12. Com que regularidade escreve? Reescreve muito seus textos, cortando, acrescentando, alterando?

Quase todos os dias. Corto muito, mas reescrevo pouco. Sou muito preguiçoso e me considero mais um faiscador de pedras que um ourives.

13. Qual sua relação, como escritor, com a língua portuguesa?

De carinho. Gosto de nossa língua, e sinto apenas que ela seja tão desprezada, urbi et orbe.

D – O leitor e a literatura



14. Faz concessões ao leitor em seus textos?

Na prosa sim. Na poesia quase nunca.



15. Que acha da função da crítica literária?

Só houve um crítico literário por aqui: Tulo Hostílio Montenegro. Como, na época, não se produziam livros capixabas, ele, em A Tribuna, época de Vargas, divulgava as principais obras nacionais e estrangeiras. O crítico deve ser imparcial, mas em meio restrito, como o nosso, a turma só deseja críticas favoráveis.

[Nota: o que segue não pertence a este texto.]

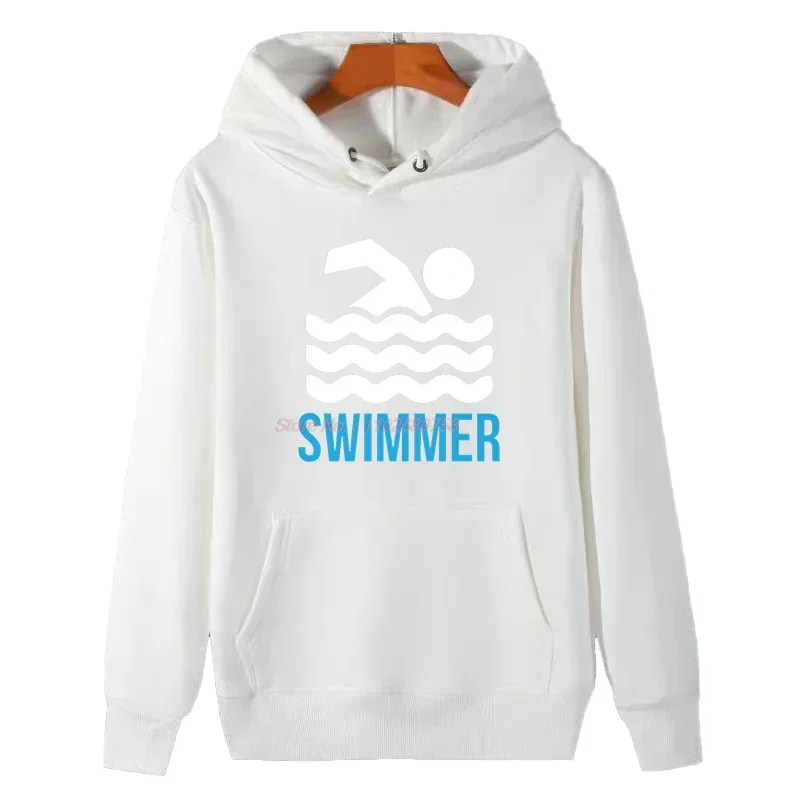 Swimming Symbol Swimmer Fashion Graphic Hooded Sweatshirts Winter Thick Sweater Hoodie Suitable For All Ages Men's Clothing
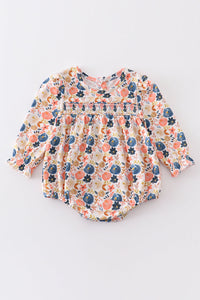 Floral Print Smocked Bubble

Aceito bem a crítica negativa e procuro corrigir-me. Uma coisa curiosa: em livro de 1969, Crítica literária, de Carmelo Bonet, são citados, como críticos de Vitória, Geraldo Costa Alves, Luiz Guilherme Santos Neves e Renato Costa Pacheco. Eu, de mim, nunca passei de noticiarista literário, não só no “Pólo Norte… Pólo Sul” da Vida Capichaba, como em “Letras da Província” de O Diário e em A Gazeta. Agora há alguns críticos acadêmicos (José Augusto Carvalho, Luiz Busatto, Francisco Aurelio Ribeiro, Deny Gomes…), mas não exercem uma crítica militante, daquelas que, no dizer de Prudente de Moraes Netto, servem ao leitor pela compreensão e explicação.

16. Qual sua opinião sobre o futuro do romance, da poesia e do teatro?

Tem futuro. Ler é uma atividade insubstituível. Ver teatro é emocionante. Creio que haverá forte concorrência da televisão e do computador, mas um bom romance, um bom poema, uma boa peça de teatro sempre terão sua vez. Salvo se…

17. Que tem a dizer sobre os autores do Espírito Santo? É possível estabelecer uma identidade literária capixaba?

Temos excelentes escritores. Excluindo meu nome, ressalto os do extinto grupo Letra: José Augusto Carvalho, Luiz Busatto, Marcos Tavares, Miguel Marvilla, Oscar Gama Filho e Reinaldo Santos Neves. E mais Luiz Guilherme Santos Neves, meu companheiro em tantos livros sobre o Espírito Santo. Dos novos, a mim me parece que a obra literária mais sólida será a de Adilson Vilaça. Sim, há uma literatura brasileira, no Espírito Santo, como quer o professor Dr. Luiz Busatto. Necessário que haja mais divulgação. Nossas obras são mal distribuídas, lá fora. Doutrina do Engrossamento, Cantáridas, Crônica de Malemort (para só citar o povo mateense dos Santos Neves) seriam, cada qual em seu gênero, obras importantes em qualquer lugar do mundo.

18. O que teria a dizer aos escritores iniciantes?

Ao iniciante:

Se V. sentir em si a danada vocação do escritor, prepare-se adequadamente. Estude a língua, nos moldes mais aceitáveis, sem submissão absoluta aos cânones oficiais. Leia muito os bons autores, daqui e de fora. Escreva sempre, sem pressa de publicar. Depois saia à luta, porque editar, nesta terra, não é nada fácil. Boa sorte.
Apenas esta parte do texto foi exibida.